Where Sunday NFL CountdownThe cover of perhaps stood out the most by bringing in the injury analyst Stephanie Bell in the debate. Bell took a broader view of the story, explaining that concussions needed to be dealt with long-term and short-term. Science must advance; a definitive diagnostic tool for brain damage does not currently exist. Until then, a more conservative approach should be taken, keeping players out of action more often.

Rating: A Countdown covered the story thoroughly. But to be fair, he had the most time.

The NFL Today – CBS

The CBS pre-game show started with Tagovailoa’s story, going right to insider Jonathan Jones to report. He cited the key phrase “gross motor instability” as a significant indication of a concussion.

Jones also clarified that the unaffiliated neurotrauma consultant who helped assess Tagovailoa made “several errors” in consulting with the Dolphins’ team doctor, which led to his firing by the NFL and NFLPA.

The sharpest remarks came from Boomer Esiason, who said any insinuation that the Dolphins, head coach Mike McDaniel or team medical staff put Tagovailoa back in the game to win was “out of the question.” base”. Phil Simms added that concussion experts he spoke to said Tagovailoa could miss four to six weeks with the injury.

Category B-. Analyst opinions were largely bland. Jones’ reporting stood out.

Fox NFL Sunday

The Fox NFL pregame show also kicked off with Tagovailoa’s story, going over issues surrounding how the quarterback was treated in Week 3 before recapping his injury in the game. of week 4.

Jay Glazer reported on the NFL investigation, focusing on whether or not Tagovailoa suffered a concussion in Week 3. And if he did, why did he? allowed to play in week 4? Glazer noted that Tagovailoa could seek a second or even a third medical opinion on his injury.

Jimmy Johnson provided the most compelling commentary, sharing his perspective on the coaching side of the situation.
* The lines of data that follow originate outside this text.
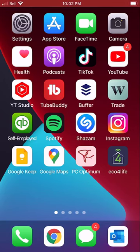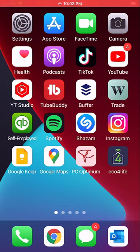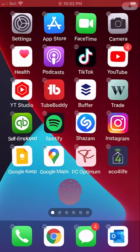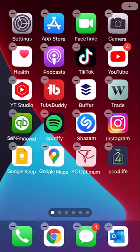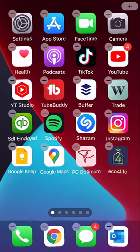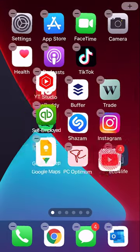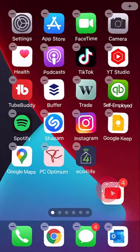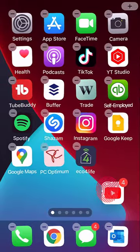Here's how you can move many apps at once in iOS. Long press on your screen to edit your home screen layout. Use one finger to begin to drag the first of your apps you wish to move.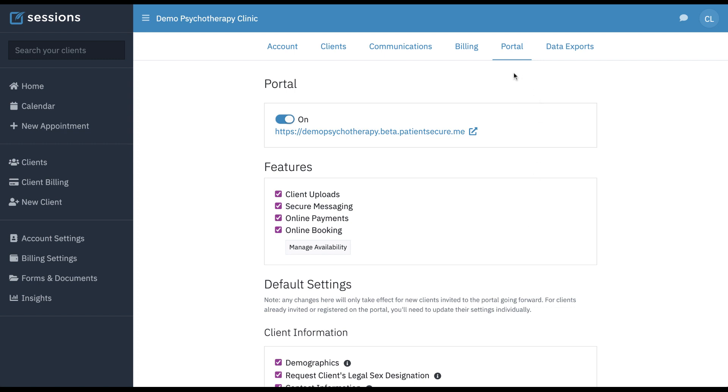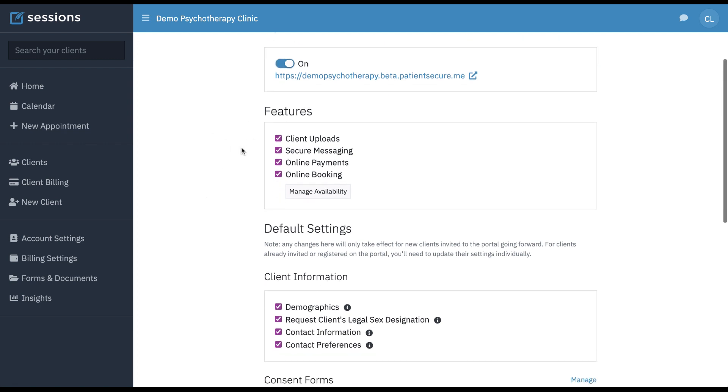By going to the portal tab under account settings, you can configure your client portal. You can give your portal a custom name, turn it on and off.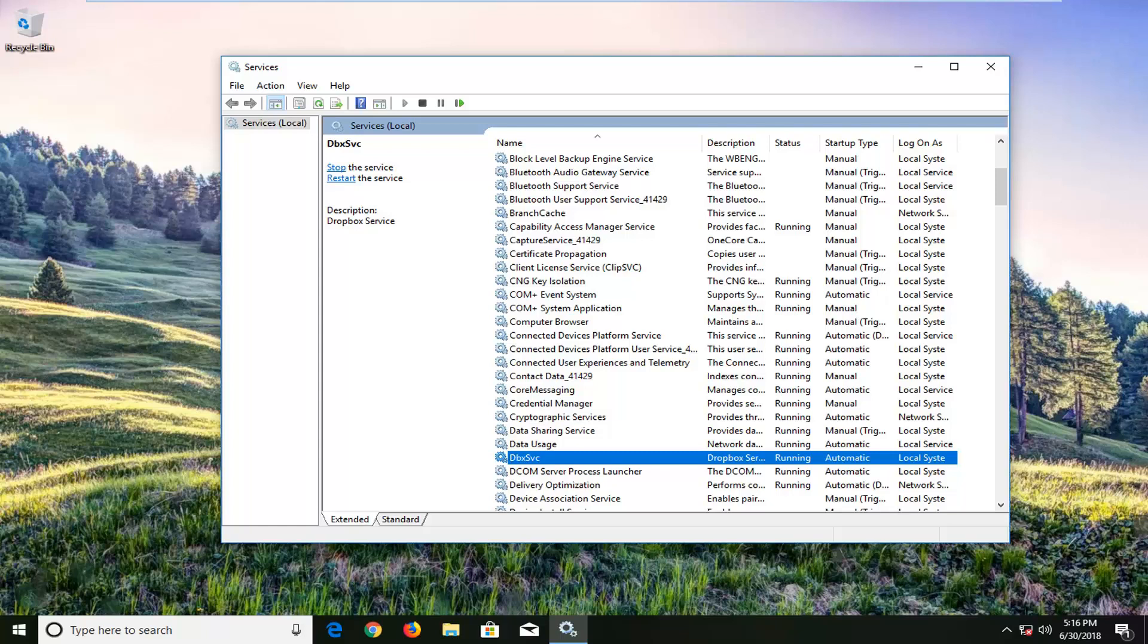I would actually suggest uninstalling Dropbox and then reinstalling it again. There are a couple different ways we can go about that, but you guys understand what I'm saying. So uninstall and then reinstall it.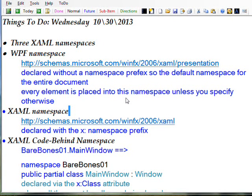What we're talking about today is the three XAML namespaces that get generated automatically when you create a WPF project.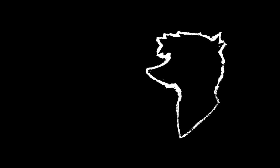So the way we first found out was when Jackson McDonald here said, you may want to redo this with literally any other number of days, maybe a nice round non-Nazi referential 1500. Well, E-I-E-I fucking oath, thank you Mr. McDonald for pulling my ass out of the fucking Orwellian animal farm that was ignorance.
He pointed out that when an injured player leaves the pitch, the coach has no contact with him. The medical team provides an update on whether the player can return or not. In Johnson’s view, Mike McDaniel did nothing wrong in his handling of the case. He must trust his medical staff.
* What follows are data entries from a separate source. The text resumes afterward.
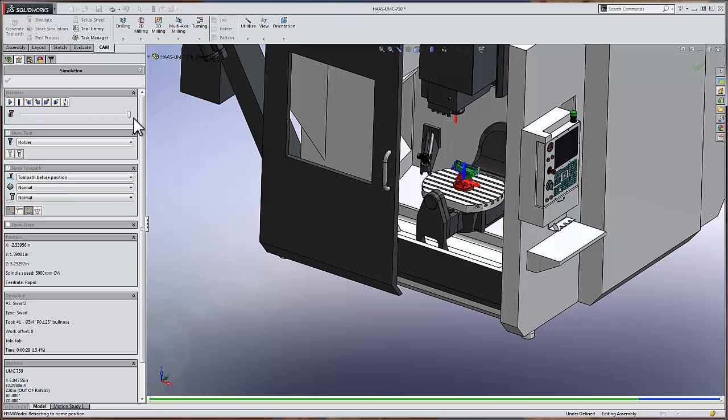Well, I trust this video is a help for users looking to set up their multi-axis machines inside of HSMWorks for the purposes of machine simulation. As a quick side note, this same process can be used to set up machines inside of HSM Express, our free solution for two and a half axis programming inside of SolidWorks.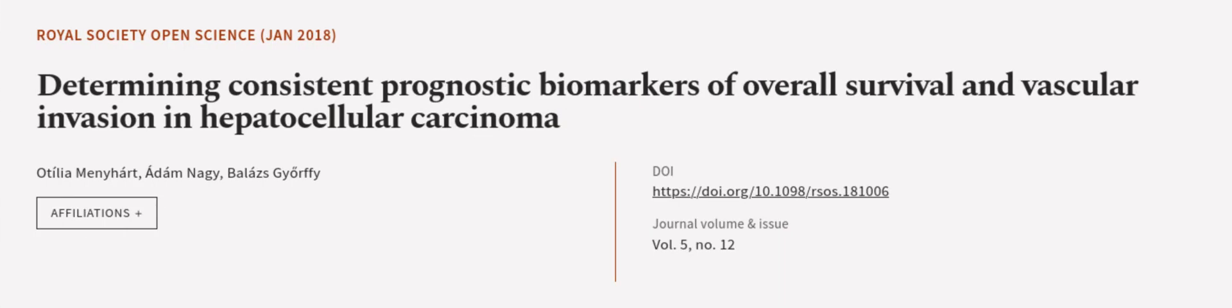This article was authored by Otia Menihard, Adam Nagy, and Balazs Gyorffy. We are article.tv, links in the description below.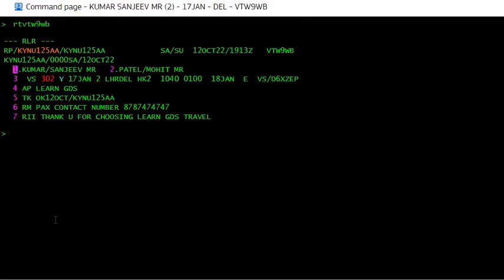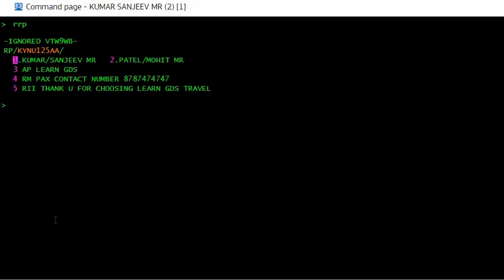The second scenario is: you have this PNR and you want to copy just the names of the passengers, because maybe they don't want to travel on Virgin — they want to travel on any other airline — and you want to create a new PNR. In that scenario, the command is RRP, because we are just copying the names of the passengers. You can see with RRP the names get copied without the air segments, and now you can add new air segments and complete the PNR.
Rating: B. Each of the analysts shared stronger opinions, in particular saying that a player who fails the “eyeball test” with symptoms of concussion should be treated seriously.

Football Night in America – NBC

Sunday night football was in a different setting than other pre-game shows, with Maria Taylor, Tony Dungy and Rodney Harrison broadcasting on location from Tampa Bay. With that, the show kicked off covering the aftermath of Hurricane Ian, its effects on the Tampa area, and how the Buccaneers handled the situation during the week.
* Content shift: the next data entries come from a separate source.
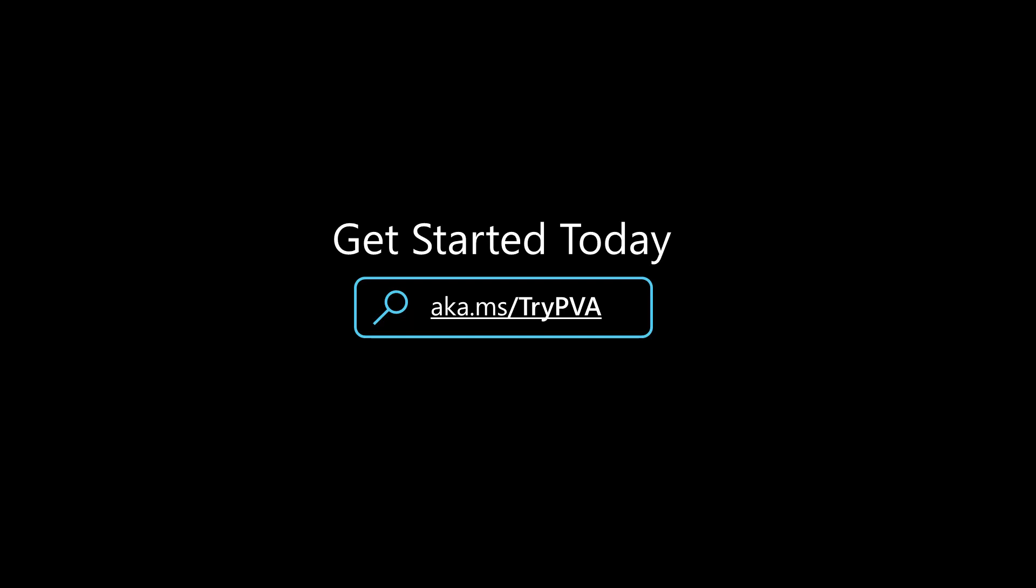Feel free to sign up for a trial for PVA at aka.ms/tryPVA. Also think about subscribing to this channel for more educational videos around building bots with Power Virtual Agents.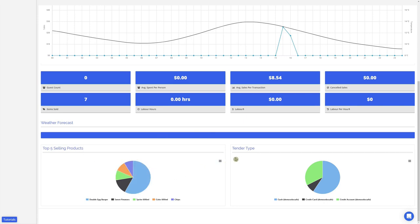Lastly we have the tender type graph, which will show you the different payment methods your customers have been using to pay for their orders.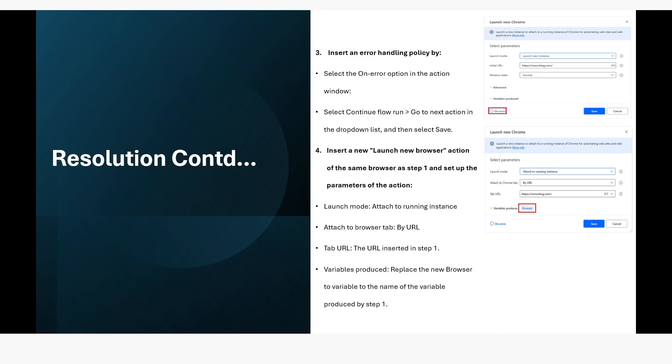In that case, first one will launch, either it fails or gets successful. In both cases it will come to the second action and then it will attach to the same browser with the URL and the browser variable will have the browser instance stored.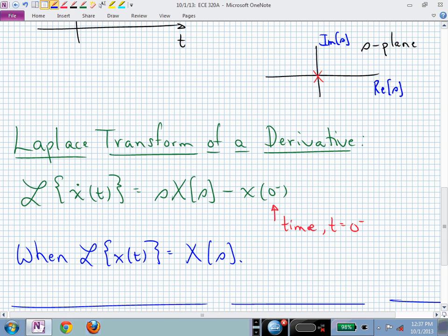We also talked about what happens when we Laplace transform a derivative — we're Laplace transforming the operation of differentiation. When x of t has a Laplace transform capital X of s, the Laplace transform of the derivative of x of t is simply s times capital X of s. If there's a non-zero initial condition at time t equals zero minus, we need to account for that with the minus x of zero minus term. When we have zero initial conditions, we don't have to worry about those additional terms.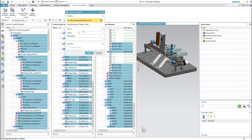Afterwards we will go to the library operations and hit 'create template' from the ribbon bar, then enter a proper name for the new template. We will enter 'sorting plant template' and then hit OK.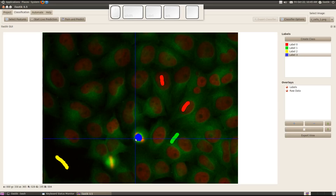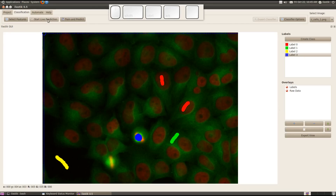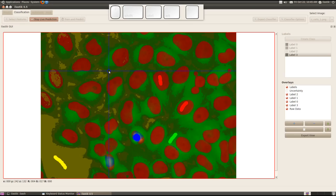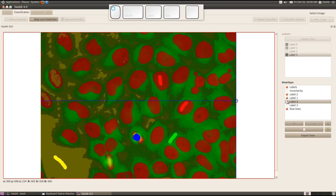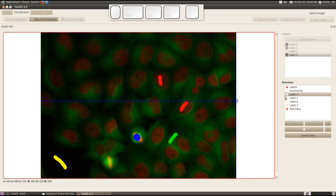Now we can start the interactive part by switching to the live prediction mode. I click here and Elastic computes a prediction based on the user input. As you see on the upper left, there are still some errors. When I disable those overlays on the right side, you can see there is inhomogeneous lighting in this image.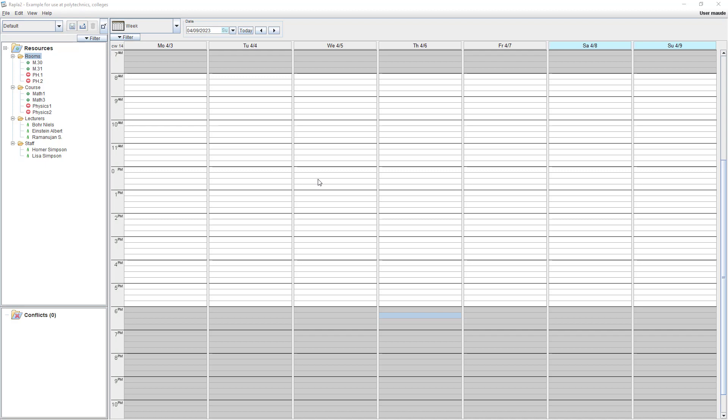Templates are a mighty feature in Rappler to facilitate your planning work. Especially at universities where you have normally recurring events every semester, every trimester or at least every year.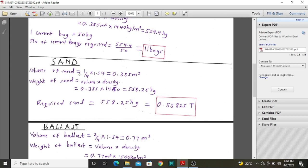Next, we move to sand. The volume of sand: sand takes one part of the four parts in the total ratio, so sand occupies the same volume as cement in class 25 concrete. We also use density multiplied by volume to get the weight of sand. The weight is 558.25 kilograms, which is 0.55825 tons. So for one cubic meter of class 25 concrete, you need almost half a ton — slightly over — of sand.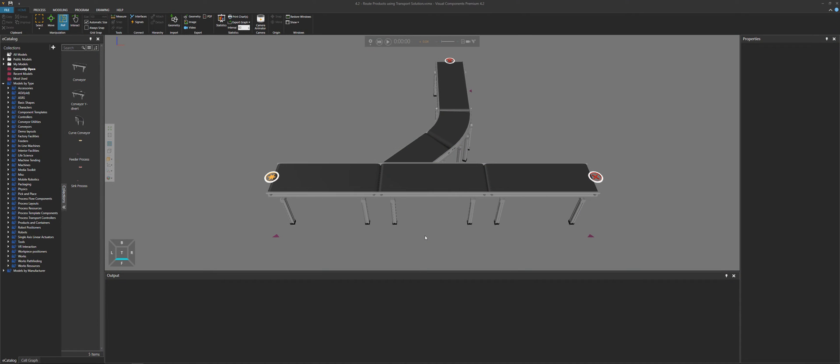Hello, this is William from Visual Components. In this video, I'm going to give you a couple of examples of how to route a product using a transport solution — that is, you can route a product based on where it's coming from, where it needs to go next, or its final destination.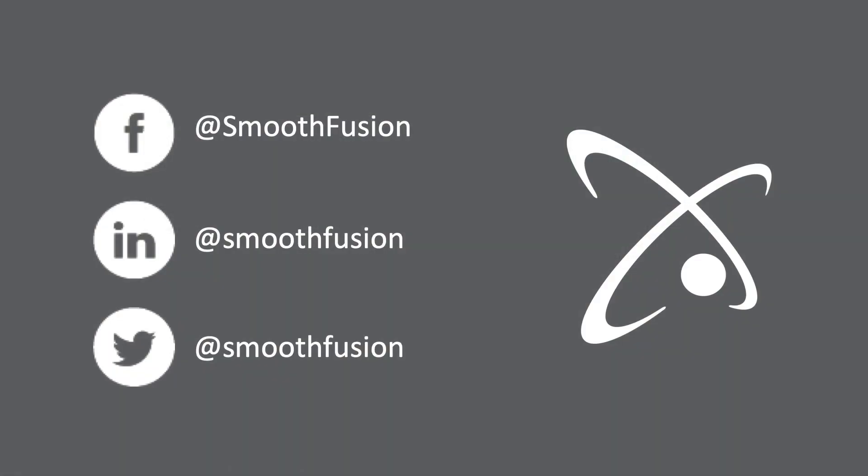For more Sitefinity tips and tricks, follow our channel. And don't forget to follow us on Twitter.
But after 20 minutes, the show made Tagovailoa history with Mike Florio reporting what his peers told viewers earlier today regarding pending changes to the NFL’s concussion protocol and “the gross motor instability” used as a major indicator.

Florio pointed out that the NFLPA would ask how Tagovailoa was examined and treated. Was he actually checked for a back injury in week 3? And if he did injure his back, why was he still allowed to play?

When the conversation returned to the team there, Dungy admitted playing Thursday night games had always been on his mind when he was a coach. He revealed teams playing a game on Thursday needed to have a bye the week before so they wouldn’t have to deal with a quick four-day turnaround. This programming must be taken into account for the safety of the players.

But Harrison had the most engaging reaction to the story, coming from his experience as a player. He admitted to telling doctors he was fine when he had concussion symptoms because he wanted to get back into the game. Knowing that was wrong, Harrison pleaded with current players to stay away when injured because “CTE takes you to a dark place”.

“It’s not worth it. Please take care of yourself,” Harrison said. “Don’t rely on the NFL. Don’t depend on anyone. If something is wrong with your head, report it.

Grade: B+. Dungy and Harrison’s views on the matter of their coaching and playing perspective were very compelling.